• _THE TASK_
Below are records; reproduce exactly the lines from the one that has "Fatető, fatető, deszka" through the one that has "Petrified Wood Branch", ends included, and nothing more.

Collected data:
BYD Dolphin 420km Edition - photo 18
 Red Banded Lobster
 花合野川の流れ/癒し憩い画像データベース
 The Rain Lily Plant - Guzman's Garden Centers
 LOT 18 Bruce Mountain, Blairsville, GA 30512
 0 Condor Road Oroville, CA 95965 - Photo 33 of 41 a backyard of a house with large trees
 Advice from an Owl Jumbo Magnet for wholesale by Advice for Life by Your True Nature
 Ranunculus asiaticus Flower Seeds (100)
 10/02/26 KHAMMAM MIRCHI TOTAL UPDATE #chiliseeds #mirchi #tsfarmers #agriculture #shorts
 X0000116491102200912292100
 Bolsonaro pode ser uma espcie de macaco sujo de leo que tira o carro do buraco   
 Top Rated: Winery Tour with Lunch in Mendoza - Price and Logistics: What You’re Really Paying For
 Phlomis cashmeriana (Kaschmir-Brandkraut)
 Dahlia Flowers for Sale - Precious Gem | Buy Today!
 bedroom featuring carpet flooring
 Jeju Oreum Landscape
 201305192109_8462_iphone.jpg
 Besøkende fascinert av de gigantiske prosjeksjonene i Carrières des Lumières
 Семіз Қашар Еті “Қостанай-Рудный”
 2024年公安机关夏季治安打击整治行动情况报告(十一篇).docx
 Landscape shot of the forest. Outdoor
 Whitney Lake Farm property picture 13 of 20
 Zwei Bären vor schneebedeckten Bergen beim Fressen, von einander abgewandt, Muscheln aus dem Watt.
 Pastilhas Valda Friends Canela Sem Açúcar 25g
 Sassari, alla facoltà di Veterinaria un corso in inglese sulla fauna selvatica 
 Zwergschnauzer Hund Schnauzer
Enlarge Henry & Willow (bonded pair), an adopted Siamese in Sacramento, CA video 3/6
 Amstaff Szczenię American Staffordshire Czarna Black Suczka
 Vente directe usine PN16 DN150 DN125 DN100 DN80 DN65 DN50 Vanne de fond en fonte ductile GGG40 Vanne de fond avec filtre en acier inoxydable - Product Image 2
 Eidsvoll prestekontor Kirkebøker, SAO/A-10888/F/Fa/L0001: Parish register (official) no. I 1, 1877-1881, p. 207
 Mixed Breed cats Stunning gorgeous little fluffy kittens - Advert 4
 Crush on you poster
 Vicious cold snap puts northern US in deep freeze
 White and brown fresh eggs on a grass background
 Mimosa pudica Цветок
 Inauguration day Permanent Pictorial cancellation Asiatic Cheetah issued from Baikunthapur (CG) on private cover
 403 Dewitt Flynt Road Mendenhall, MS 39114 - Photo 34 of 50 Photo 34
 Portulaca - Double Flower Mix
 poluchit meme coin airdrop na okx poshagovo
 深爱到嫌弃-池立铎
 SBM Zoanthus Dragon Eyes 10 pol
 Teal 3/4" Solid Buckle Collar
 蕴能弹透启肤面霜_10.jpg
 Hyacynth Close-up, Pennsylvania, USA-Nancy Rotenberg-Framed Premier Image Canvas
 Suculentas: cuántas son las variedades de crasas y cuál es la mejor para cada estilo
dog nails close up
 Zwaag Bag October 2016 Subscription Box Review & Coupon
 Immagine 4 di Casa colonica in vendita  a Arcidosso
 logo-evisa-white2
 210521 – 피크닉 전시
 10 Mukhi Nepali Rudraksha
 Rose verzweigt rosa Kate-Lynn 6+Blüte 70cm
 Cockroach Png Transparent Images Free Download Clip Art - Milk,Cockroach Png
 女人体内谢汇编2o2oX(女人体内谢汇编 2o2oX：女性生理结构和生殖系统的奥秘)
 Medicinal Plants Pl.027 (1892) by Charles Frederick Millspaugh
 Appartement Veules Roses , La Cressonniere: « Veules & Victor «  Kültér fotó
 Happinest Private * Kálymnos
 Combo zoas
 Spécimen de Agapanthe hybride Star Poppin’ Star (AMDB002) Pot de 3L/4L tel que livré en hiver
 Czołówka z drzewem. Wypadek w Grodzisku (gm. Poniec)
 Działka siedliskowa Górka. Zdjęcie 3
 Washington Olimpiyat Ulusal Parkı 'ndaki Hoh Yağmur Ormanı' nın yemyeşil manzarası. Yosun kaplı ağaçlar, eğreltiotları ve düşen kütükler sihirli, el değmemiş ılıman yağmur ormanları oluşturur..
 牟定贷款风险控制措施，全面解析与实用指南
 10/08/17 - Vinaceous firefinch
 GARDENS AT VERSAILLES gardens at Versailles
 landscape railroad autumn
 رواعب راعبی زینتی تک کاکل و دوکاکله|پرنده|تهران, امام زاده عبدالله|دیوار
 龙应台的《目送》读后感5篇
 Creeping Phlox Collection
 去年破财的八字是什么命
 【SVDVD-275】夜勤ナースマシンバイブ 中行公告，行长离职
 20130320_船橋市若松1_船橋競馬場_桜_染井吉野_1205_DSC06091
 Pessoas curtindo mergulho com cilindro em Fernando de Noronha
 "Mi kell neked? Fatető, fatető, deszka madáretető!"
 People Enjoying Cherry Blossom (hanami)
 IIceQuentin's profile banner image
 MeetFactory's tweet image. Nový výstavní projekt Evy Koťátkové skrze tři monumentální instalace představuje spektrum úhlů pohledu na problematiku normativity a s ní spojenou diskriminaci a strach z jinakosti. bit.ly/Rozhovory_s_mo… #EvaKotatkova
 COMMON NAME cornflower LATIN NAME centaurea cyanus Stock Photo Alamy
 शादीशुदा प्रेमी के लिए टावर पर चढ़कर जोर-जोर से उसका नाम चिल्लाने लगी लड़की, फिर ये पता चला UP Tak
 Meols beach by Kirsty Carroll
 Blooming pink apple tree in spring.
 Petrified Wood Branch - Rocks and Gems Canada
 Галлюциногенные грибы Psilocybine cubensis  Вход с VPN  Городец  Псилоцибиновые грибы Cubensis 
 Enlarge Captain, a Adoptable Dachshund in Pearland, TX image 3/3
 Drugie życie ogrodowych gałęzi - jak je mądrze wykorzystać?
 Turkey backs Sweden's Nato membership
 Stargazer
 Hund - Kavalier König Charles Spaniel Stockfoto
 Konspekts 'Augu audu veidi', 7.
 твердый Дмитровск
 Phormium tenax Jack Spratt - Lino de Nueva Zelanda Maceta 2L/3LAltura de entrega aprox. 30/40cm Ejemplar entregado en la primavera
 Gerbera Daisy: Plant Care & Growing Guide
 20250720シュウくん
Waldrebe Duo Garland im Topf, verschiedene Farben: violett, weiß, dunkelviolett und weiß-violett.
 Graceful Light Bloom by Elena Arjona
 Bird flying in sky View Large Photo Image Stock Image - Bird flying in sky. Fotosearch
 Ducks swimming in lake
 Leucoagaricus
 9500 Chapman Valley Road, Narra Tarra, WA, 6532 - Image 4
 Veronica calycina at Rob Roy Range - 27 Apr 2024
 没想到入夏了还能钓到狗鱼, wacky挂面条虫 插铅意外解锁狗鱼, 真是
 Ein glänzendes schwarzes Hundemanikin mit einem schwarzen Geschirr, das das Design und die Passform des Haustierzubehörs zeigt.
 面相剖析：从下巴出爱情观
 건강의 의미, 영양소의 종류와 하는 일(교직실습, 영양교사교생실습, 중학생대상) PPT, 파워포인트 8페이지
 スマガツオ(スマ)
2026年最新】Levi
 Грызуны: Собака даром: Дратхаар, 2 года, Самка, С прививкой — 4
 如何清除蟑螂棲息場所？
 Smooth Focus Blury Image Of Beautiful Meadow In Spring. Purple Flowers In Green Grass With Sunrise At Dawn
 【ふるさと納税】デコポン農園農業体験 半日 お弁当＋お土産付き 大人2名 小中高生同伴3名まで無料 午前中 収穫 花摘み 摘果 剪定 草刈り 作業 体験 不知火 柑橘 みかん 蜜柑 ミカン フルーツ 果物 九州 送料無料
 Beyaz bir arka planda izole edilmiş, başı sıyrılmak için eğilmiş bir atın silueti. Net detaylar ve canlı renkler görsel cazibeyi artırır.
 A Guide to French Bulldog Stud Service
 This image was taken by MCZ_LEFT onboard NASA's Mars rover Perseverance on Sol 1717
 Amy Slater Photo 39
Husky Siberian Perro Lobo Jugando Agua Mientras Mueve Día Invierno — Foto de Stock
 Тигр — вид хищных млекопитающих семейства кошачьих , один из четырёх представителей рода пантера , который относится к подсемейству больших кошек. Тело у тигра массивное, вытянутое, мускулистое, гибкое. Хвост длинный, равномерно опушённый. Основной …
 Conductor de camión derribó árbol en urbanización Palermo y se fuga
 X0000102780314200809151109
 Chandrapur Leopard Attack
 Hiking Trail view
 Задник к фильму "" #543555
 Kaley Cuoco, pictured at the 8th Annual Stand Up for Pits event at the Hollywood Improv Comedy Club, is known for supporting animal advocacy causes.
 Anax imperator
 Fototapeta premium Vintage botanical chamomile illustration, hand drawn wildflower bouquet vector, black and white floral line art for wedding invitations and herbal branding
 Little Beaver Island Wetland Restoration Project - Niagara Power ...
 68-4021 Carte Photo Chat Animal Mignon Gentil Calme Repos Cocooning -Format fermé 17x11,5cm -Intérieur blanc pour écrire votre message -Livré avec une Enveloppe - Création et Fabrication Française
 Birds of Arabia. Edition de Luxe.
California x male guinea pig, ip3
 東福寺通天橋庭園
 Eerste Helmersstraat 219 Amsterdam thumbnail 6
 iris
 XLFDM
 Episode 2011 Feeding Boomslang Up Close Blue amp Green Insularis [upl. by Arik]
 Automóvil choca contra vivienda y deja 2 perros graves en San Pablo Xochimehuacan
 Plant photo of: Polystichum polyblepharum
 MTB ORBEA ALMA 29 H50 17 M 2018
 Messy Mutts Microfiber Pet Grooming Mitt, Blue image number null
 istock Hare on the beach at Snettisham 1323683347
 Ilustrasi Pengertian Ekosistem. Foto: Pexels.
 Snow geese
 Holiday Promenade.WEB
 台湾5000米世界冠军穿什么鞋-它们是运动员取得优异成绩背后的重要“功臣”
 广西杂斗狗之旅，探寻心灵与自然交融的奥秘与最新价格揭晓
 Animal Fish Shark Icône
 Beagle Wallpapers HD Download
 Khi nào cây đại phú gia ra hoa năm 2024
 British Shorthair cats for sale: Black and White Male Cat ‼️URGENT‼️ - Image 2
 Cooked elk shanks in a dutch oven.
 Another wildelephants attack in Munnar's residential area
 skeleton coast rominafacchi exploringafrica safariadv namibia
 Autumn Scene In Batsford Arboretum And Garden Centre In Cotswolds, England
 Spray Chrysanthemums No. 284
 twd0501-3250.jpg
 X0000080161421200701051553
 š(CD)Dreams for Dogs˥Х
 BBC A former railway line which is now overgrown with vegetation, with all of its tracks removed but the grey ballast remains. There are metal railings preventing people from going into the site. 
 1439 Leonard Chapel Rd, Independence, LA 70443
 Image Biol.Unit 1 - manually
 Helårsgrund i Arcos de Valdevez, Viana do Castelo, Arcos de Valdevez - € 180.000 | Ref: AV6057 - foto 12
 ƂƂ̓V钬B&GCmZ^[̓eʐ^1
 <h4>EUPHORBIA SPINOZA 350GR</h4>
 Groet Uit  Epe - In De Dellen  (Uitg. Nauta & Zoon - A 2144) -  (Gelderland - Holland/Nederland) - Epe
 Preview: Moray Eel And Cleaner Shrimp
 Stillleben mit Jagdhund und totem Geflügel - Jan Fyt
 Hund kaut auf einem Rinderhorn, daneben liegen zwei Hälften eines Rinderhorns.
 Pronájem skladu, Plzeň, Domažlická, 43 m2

• _OUTPUT OF THE TASK_
 "Mi kell neked? Fatető, fatető, deszka madáretető!"
 People Enjoying Cherry Blossom (hanami)
 IIceQuentin's profile banner image
 MeetFactory's tweet image. Nový výstavní projekt Evy Koťátkové skrze tři monumentální instalace představuje spektrum úhlů pohledu na problematiku normativity a s ní spojenou diskriminaci a strach z jinakosti. bit.ly/Rozhovory_s_mo… #EvaKotatkova
 COMMON NAME cornflower LATIN NAME centaurea cyanus Stock Photo Alamy
 शादीशुदा प्रेमी के लिए टावर पर चढ़कर जोर-जोर से उसका नाम चिल्लाने लगी लड़की, फिर ये पता चला UP Tak
 Meols beach by Kirsty Carroll
 Blooming pink apple tree in spring.
 Petrified Wood Branch - Rocks and Gems Canada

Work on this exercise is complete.